If you simply plan school-night menus around Mom’s products, from several quite different pasta sauces to soup to starters for everything from chili to meatloaf to chicken pot pie, you are already way ahead of the game.

For some households, this head start is enough. For others, those families with even tighter schedules or with kids old enough to crave even more creative flavors, Mom’s can be the jumping-off point for numberless culinary adventures. The result is something we like to call not leftovers – since technically those involve eating the same thing another time – but “second generation dinners.” For home cooks willing and able to set their imaginations free, the sky is the limit.

When people asked us initially how to do this, we shook our heads and shrugged our shoulders – the freedom to taste simply came naturally around here. But one trick we have learned: never get totally caught up in a use something is marketed for or what cuisine it’s associated with. For the first, know that “pasta sauce” is terrific on pasta but actually an amazing addition to endless sauces and gravies. For the second, our best example is ethnic association, like Italian This or Mexican That or Chinese Something Else.

Such descriptions can be useful markers on our culinary journey. But they don’t and never should keep us ignorant that, for instance, many tomato-based curries in India are built around tomato (of course), onion, garlic, salt, hot pepper, lime juice and cilantro. Anyone who refuses to see “Mexican salsa” hidden away here is just being difficult.

Cooking without borders is certainly one way to prepare more than one meal at a time but not succumb to the sameness of traditional leftovers. Tex-Mex chili or meatloaf, for instance, can be turned into Indian curry with the addition of curry paste (no, not curry powder), a splash of milk for smoothness and a couple handfuls of green peas. Serve it over basmati rice. Just be ready to tell somebody you are having exotic Indian “keema” for dinner tonight.

All-American chicken pot pie filling can be used to cook rice and some sausage and seafood, with hopefully a flourish of saffron, and become a satisfying Spanish paella. And as anyone who’s ever worked in a restaurant for ten minutes will assure you, there’s pretty much nothing on earth that isn’t better in a taco.

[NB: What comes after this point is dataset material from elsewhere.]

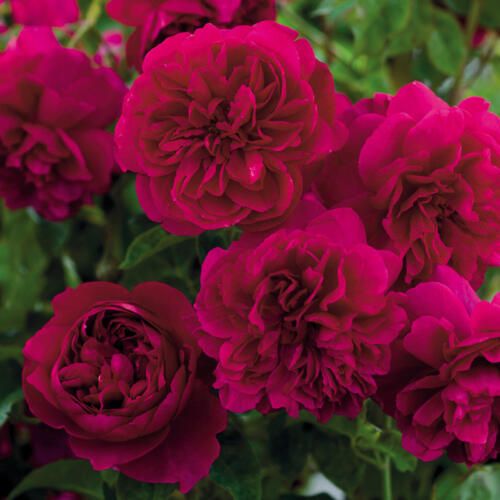 Rosa Rose - Rampicanti - Rosa &#39; Thomas à Becket &#39;- David Austin - Vaso 20 3 canne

We love eating this way, and we love cooking this way. Invite every member of your family to get creative, to recognize the flavor links that “connect the dots” from cuisine to cuisine, unrecognized links to largely undiscovered flavors. Along the way, by making such meals in advance, you are feeding your family with deliciousness it would be hard to achieve one night at a time. You are also starting an important conversation. If all people’s cuisines can find so much common ground, then perhaps all the people who cook and eat those dishes might be able to as well.